Introduction
DDoS attacks have long been a thorn in the side of network operators—but AMS-IX faced a particularly unusual challenge. Unlike the massive volumetric attacks that make headlines, the attacks targeting their management network were low-bandwidth but high-flow, exploiting vulnerabilities in session tables, firewall logging, and internal routing. Even small bursts of traffic could cascade into network-wide disruptions, impacting office connectivity, VPN users, internal services, and DNS resolution.
This deep dive explores the full journey of how AMS-IX, in an implementation led by Stavros Konstantaras, built an automated, resilient DDoS mitigation system from scratch. In this detailed technical analysis, you’ll learn:
- How a few megabits per second of traffic brought the network to its knees, and the chain reactions that caused the collapse.
- The architecture of AMS-IX’s management network, including routers, firewalls, and the spine-leaf management fabric, and how traffic flows under normal and attack conditions.
- The challenges and limitations of manual mitigation, including firewall tuning, session table management, and security team coordination.
- How AMS-IX designed a fully automated mitigation pipeline, combining FastNetMon detection, Python/BERT/BGP orchestration, and NAVAS scrubbing.
- Testing strategies, lessons learned, and results, including real-world attacks that were mitigated automatically without human intervention.
- Future improvements, including router upgrades, migration from NetFlow to IPFIX, smarter mitigation algorithms, and IPv6 strategies.
This deep dive is written for network engineers, NOC teams, and technical decision-makers, providing a full account of the architecture, workflows, and operational considerations that went into protecting a critical Internet exchange.

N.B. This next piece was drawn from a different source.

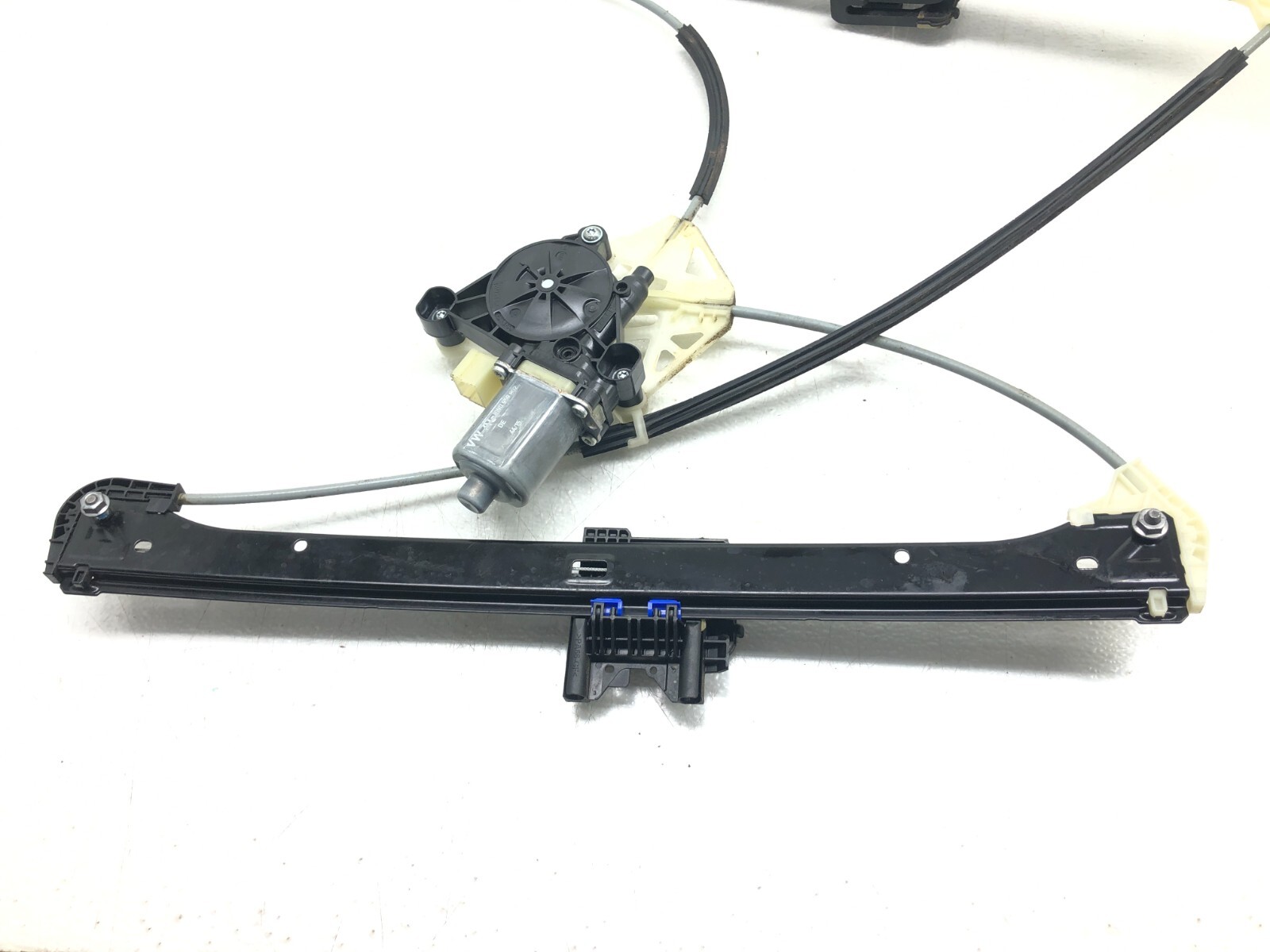 2017-2023 AUDI Q7 SQ7 LEFT DRIVER REAR DOOR WINDOW REGULATOR W/ MOTOR OEM.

Special thanks to Stavros Konstantaras, Senior Network Engineer at AMS-IX, for designing, implementing, and stress-testing this system, and for sharing his experience with us. We also want to thank AMS-IX for enabling this case study and providing a detailed real-world example of complex network defence.

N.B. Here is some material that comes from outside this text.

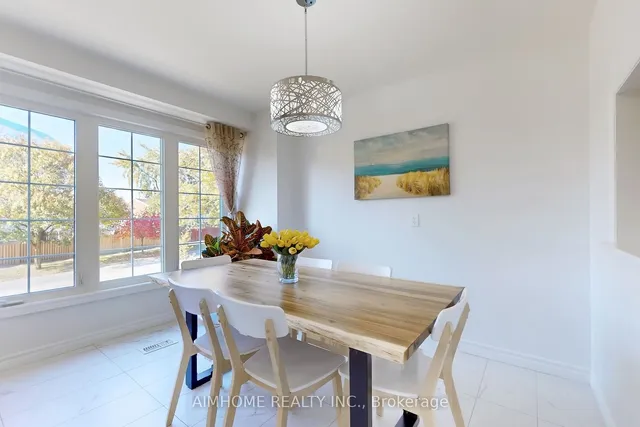 Additional property image - 566 Sandhurst Circ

The Problem: When Small Attacks Cause Big Collapses
The saga began when a few megabits of UDP traffic targeting AMS-IX’s public DNS servers brought the management network to a halt. VPN users were disconnected, internal email and messaging stopped, NAT and DNS transit were disrupted, and internal services became unreachable. Oddly, the production network—the one carrying customer traffic—remained unaffected.

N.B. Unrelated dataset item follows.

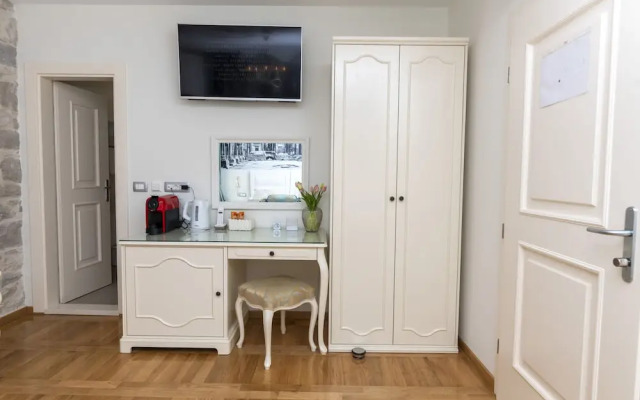 Gothic Palace Heritage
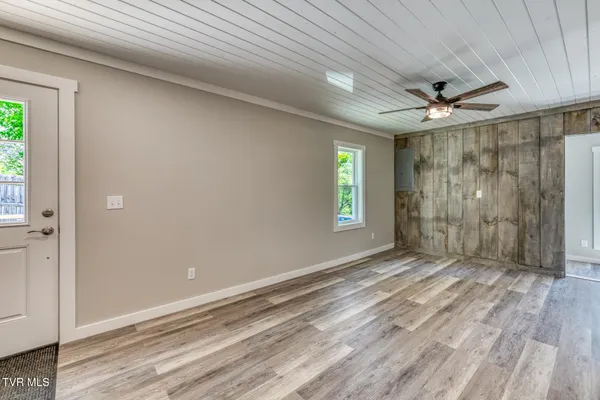 $249,900 | 14457 Peaceful Lane, Bristol, VA 24202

Stavros and the team quickly realised: this wasn’t a typical volumetric DDoS attack. Very modest traffic volumes of a few Mbps caused cascading failures in the admin network that ended up in sudden disruption of office connectivity, leaving the entire team without access to internal and external resources for several minutes at a time.
Step by step, the investigation revealed the chain reactions:
Traffic volumes appeared harmless: Graphs showed only a few megabits per second reaching internal servers:
Firewalls became the bottleneck: CPU and session tables maxed out because each DNS query, even valid ones, consumed firewall state. As you can see in the graph below, the timestamps CPU overload match with attack time stamps:
Cascading failures ensued: Overloaded firewalls triggered LACP drops, OSPF session failures, and lost default gateways, leading to internal applications spiking syslog traffic. This created a feedback loop, compounding the problem.
NetFlow overhead worsened the situation: Enabling NetFlow on Palo Altos added CPU load, accelerating the collapse.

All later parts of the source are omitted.